The basic approach is to select a desired output size such that the dimensions are a multiple of the native image dimension size for the model being used. For example, I'll use 1536x512: Three times the width of the Stable Diffusion 1.5 native size.

The workflow is as follows:

  1. Generate a 512x512 starting image C. This is the "center" image.

    Stage 0

  2. Pad C rightwards by 512 pixels, yielding a padded image D.

    Stage 1

  3. Feed D into an inpainting sampling stage. This will fill in the padded area using contextual information from C, without rewriting any of the original image content from C. This will yield an image E.

    Stage 2

  4. Pad E leftwards by 512 pixels, yielding a padded image F.

    Stage 3

  5. Feed F into an inpainting sampling stage. This will fill in the padded area using contextual information from E, without rewriting any of the original image content from E. This will yield an image G.

    Stage 4

  6. Optionally, run G through another sampling step set to resample the entire image at a low denoising value. This can help bring out fine details, and can correct any visible seams between image regions that might have been created by the above steps.

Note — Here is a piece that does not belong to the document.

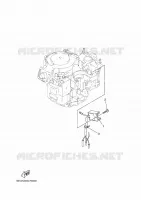 PIÈCES OPTIONNELLES 3 pour Yamaha FT9.9LMHX de 2021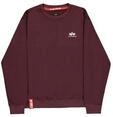 Alpha Industries Herren Basic Small Logo Sweatshirt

By breaking the generation of the full size image into separate steps, we can apply different prompts to different sections of the image and effectively avoid even the possibility of subject duplication. For example, let's try this prompt again:

woman sitting in office, spain, business suit, sharp focus, fine detail

We'll use this prompt for the center image, but we'll adjust the prompt for the left and right images:

office, spain, sharp focus, fine detail

We magically obtain the following image:

Image 4


I've included a ComfyUI workflow that implements the above steps. Execution should be assumed to proceed downwards and rightwards. Execution starts at the top left.

The initial groups of nodes at the top left allow for specifying a base image size, prompts for each image region, and the checkpoints used for image generation. Note that the checkpoint for the center image must be a non-inpainting model, whilst the left and right image checkpoints must be inpainting models. ComfyUI will fail with a nonsensical error at generation time if the wrong kinds of checkpoints are used.

Workflow 0

Execution proceeds to the CenterSample stage which, unsurprisingly, generates the center image:

Workflow 1

Execution then proceeds to the PadRight and RightSample stages, which pad the image rightwards and then produce the rightmost image, respectively:

Workflow 2

Execution then proceeds to the PadLeft and LeftSample stages, which pad the image leftwards and then produce the leftmost image, respectively:

Workflow 3

Execution then proceeds to a FinalCleanup stage that runs a ~50% denoising pass over the entire image using a non-inpainting checkpoint. As mentioned, this can fine-tune details in the image, and eliminate any potential visual seams. Note that we must use a Set Latent Noise Mask node; the latent image will be arriving from the previous LeftSample stage with a mask that restricts denoising to the region covered by the leftmost image. If we want to denoise the entire image, we must reset this mask to one that covers the entire image.

Workflow 4

The output stage displays the preview images for each step of the process:

Workflow 5